The 63,560 square foot, 45-foot-tall project will have 71 residential units, 11 of which will be set aside for lower-income residents. The ground floor will have 8,600 square feet of retail space and at-grade parking for retail customers. There will also be two subterranean levels for residential parking, for a total of 131 spaces in the project.
Designed by Christian Robert of the Culver City-based Office Untitled architecture studio (formerly known as R&A Architecture & Design), the project features four different courtyard areas for residents, plus a rooftop pool area. The exterior covering will be dark and light corrugated metal panels, combined with a white and fuchsia cement plaster, an element the commissioners especially liked.

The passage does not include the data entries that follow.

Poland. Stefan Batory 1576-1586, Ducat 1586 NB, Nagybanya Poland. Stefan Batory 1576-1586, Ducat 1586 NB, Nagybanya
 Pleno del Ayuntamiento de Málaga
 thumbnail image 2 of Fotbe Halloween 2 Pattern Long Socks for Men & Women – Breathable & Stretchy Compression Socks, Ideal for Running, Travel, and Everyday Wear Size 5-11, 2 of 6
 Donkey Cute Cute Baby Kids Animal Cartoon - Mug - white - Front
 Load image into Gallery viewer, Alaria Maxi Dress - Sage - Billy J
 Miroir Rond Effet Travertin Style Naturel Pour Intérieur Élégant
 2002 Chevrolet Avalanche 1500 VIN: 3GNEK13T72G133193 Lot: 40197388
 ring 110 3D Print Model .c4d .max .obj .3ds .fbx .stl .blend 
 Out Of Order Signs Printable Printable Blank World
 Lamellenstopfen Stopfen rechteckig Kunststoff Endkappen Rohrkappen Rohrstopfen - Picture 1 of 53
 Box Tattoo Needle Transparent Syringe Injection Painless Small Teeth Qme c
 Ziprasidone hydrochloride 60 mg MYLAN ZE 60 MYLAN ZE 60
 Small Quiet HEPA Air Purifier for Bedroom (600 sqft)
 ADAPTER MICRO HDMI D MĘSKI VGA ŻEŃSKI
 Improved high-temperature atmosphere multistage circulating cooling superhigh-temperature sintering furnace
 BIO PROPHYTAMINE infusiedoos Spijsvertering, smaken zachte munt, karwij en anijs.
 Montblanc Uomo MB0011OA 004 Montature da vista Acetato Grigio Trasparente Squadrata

Century City-based La Terra Development LLC, which has a dozen Los Angeles area residential projects, is the owner and developer. Real estate investor Charles Tourtellette is the founder and CEO of La Terra Development.
The commissioners were impressed with the design and appearance, several calling it “beautiful” and “thoughtful.”
“I’m really pleased with this project,” said Commissioner Lynn Hoopingarner. “I would say, ‘Please more of these’.”
Commissioner Rogerio Carvalheiro praised the design, feeling the project would vastly improve that section of the city.
“I’m somewhat sad to see the Googie-style car wash go. I think what we’re getting in its place is far beyond,” said Carvalheiro. “It sets a great example for Santa Monica Boulevard and elevates all of it.”
Commissioner John Erickson concurred, feeling the building would create a standard for other projects in the area.
The commissioners were also pleased that it would activate an area that has very little pedestrian activity after dark while not tearing down any existing housing.
“How great is it that we are just adding housing without actually getting rid of anything. I think that is a really big plus to this project,” said Commissioner Adam Bass.
Of the 21 people speaking during the public comment period, 16 fully supported it. They were glad it was bringing housing to the city. They also felt it would be an improvement to the neighborhood and were glad to see the car wash, a frequent spot for drug dealing, leave.
“It represents hope, inspiration, and it really will enrich our neighborhood,” said Bob Scallian who has lived in the area since 1984.
Meanwhile nearby resident Kelly Stagg looked forward to the shops in the project and the visual improvement it will provide the area.
“It brings a complete facelift to this part of town,” said Stagg. “West Hollywood is a city of progress and that area is not looking so hot these days.”
Of the public commenters opposed, several were concerned how it would change the fabric of the neighborhood. Two others, who live directly behind it, were concerned how the four-story building would affect their privacy and as well as the potential noise from the building affecting their quality of life.
Commissioner Sue Bucker was absent from the meeting.